How to unpin a Frame:
- From the Files tab: open the
...menu on the pinned Frame → Unpin Pod banner - From the Frame preview: click Pinned in the preview header to toggle it off
- From the banner itself: hover → click the unpin (📌) icon
Banner controls
When hovering over the pinned banner, a control bar appears in the top-right corner:
| Control | What it does |
|---|---|
| Hide | Collapses the banner to a slim bar — personal preference, does not affect other members |
| Unpin | Removes the Frame from the banner for everyone — Editors only |
| Full screen | Opens the Frame in full screen; press Escape to exit |
The collapsed banner shows the Frame name with a Show button to expand it again.

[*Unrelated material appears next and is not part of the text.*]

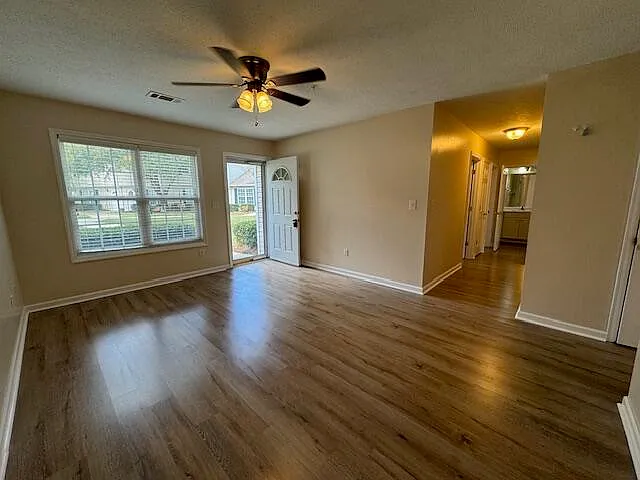 550 Date Palm Cir — Photo 3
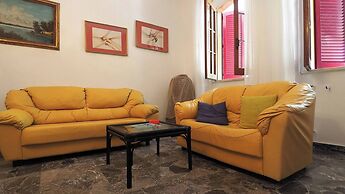 Comfortable Villa for 8 People Near Lido Pizzo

Keeping a Frame up to date
A Frame is generated at a point in time and does not update automatically. If your banner shows data that changes — task counts, progress metrics, a weekly summary — you will want to refresh it on a schedule.
The simplest way is to use the wake-up tool: set up an agent that wakes up on a recurring schedule (daily, weekly, or at whatever cadence makes sense), reads the latest Pod state — tasks, conversations, files — and regenerates the Frame, overwriting the existing one. Since the pinned frame stays the same file, the banner automatically reflects the updated version next time a member opens the Pod.
Example setup:
- Ask an agent to generate your Frame and save it to the Pod's Files tab
- Pin it as the Pod banner
- In a new conversation, ask the same agent to use the wake-up tool to re-run that task every morning
- On each wake-up, the agent reads the current Pod data and overwrites the Frame with a fresh version
Example prompt: "Every Monday morning, read the current tasks and the latest weekly summary from this Pod, regenerate the sprint dashboard Frame, and overwrite the existing one. Use the wake-up tool to schedule this automatically."
There is no need to re-pin after each refresh — the banner stays pinned and always shows the latest version.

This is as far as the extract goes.